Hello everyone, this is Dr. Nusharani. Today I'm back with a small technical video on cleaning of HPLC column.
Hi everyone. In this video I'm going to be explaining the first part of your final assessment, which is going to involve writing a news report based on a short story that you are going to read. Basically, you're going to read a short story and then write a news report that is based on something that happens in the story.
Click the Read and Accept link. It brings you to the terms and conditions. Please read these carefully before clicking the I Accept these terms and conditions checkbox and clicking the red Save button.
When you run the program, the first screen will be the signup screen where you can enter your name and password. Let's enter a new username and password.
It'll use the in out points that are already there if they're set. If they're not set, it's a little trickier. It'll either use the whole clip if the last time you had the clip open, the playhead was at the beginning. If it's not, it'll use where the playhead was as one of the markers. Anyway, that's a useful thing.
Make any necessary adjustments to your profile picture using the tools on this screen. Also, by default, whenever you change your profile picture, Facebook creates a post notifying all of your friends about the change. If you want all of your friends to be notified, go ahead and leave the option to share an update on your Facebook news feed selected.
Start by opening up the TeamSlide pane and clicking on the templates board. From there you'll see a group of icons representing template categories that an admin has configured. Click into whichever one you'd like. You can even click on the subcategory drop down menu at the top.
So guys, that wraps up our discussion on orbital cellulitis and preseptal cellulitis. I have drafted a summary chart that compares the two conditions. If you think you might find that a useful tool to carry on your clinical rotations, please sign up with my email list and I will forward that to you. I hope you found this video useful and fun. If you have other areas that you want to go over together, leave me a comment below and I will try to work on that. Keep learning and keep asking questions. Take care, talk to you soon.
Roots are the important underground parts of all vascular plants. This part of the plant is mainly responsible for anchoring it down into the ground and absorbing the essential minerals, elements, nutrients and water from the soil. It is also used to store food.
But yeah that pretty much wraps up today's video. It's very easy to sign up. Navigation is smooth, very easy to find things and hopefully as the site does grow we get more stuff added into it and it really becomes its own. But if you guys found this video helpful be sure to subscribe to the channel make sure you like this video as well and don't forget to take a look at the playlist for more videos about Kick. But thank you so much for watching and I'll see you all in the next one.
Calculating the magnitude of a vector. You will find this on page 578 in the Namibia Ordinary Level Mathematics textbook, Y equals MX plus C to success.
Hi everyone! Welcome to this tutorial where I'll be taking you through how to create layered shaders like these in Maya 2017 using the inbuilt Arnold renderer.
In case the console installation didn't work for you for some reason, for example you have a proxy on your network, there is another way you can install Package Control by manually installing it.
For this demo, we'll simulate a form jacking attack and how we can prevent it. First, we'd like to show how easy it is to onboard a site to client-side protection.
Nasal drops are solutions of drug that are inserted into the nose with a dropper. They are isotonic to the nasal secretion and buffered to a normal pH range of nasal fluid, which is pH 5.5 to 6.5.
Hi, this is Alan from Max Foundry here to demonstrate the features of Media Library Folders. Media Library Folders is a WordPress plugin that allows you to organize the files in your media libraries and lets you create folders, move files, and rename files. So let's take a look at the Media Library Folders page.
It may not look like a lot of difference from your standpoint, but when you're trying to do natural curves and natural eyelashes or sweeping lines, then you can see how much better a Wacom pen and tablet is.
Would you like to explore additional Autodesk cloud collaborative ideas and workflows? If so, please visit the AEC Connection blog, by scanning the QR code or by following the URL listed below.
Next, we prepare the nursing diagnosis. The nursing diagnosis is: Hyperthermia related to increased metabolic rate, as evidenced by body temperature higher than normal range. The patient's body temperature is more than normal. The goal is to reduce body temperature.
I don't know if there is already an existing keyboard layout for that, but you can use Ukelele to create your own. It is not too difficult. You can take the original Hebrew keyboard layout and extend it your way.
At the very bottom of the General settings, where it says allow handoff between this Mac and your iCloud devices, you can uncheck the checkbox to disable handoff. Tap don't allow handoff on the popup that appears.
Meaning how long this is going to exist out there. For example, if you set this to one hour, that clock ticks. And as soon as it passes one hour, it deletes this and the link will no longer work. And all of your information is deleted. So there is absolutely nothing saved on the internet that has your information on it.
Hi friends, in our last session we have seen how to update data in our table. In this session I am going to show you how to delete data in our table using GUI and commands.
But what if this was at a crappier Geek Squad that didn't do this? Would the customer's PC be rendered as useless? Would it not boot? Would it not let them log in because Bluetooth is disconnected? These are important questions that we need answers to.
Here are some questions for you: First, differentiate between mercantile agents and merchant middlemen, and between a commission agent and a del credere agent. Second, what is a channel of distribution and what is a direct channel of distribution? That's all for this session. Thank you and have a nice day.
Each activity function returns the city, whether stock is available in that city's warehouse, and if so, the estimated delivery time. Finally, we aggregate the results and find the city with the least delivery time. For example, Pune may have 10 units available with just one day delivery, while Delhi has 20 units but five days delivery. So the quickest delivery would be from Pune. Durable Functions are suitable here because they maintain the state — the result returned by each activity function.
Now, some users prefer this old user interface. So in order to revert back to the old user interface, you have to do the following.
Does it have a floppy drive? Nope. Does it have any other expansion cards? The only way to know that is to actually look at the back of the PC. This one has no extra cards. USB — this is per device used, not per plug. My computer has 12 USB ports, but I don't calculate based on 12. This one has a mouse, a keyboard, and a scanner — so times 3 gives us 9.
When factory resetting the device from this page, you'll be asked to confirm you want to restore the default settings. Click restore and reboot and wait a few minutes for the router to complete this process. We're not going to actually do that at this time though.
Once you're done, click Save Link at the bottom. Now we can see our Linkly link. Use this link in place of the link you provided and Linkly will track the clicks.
::::
**Task statement**
Nothing but the lines from the beginning of the records through the line with "Start by opening" should appear, each printed exactly.

**Response to the exercise**
Hello everyone, this is Dr. Nusharani. Today I'm back with a small technical video on cleaning of HPLC column.
Hi everyone. In this video I'm going to be explaining the first part of your final assessment, which is going to involve writing a news report based on a short story that you are going to read. Basically, you're going to read a short story and then write a news report that is based on something that happens in the story.
Click the Read and Accept link. It brings you to the terms and conditions. Please read these carefully before clicking the I Accept these terms and conditions checkbox and clicking the red Save button.
When you run the program, the first screen will be the signup screen where you can enter your name and password. Let's enter a new username and password.
It'll use the in out points that are already there if they're set. If they're not set, it's a little trickier. It'll either use the whole clip if the last time you had the clip open, the playhead was at the beginning. If it's not, it'll use where the playhead was as one of the markers. Anyway, that's a useful thing.
Make any necessary adjustments to your profile picture using the tools on this screen. Also, by default, whenever you change your profile picture, Facebook creates a post notifying all of your friends about the change. If you want all of your friends to be notified, go ahead and leave the option to share an update on your Facebook news feed selected.
Start by opening up the TeamSlide pane and clicking on the templates board. From there you'll see a group of icons representing template categories that an admin has configured. Click into whichever one you'd like. You can even click on the subcategory drop down menu at the top.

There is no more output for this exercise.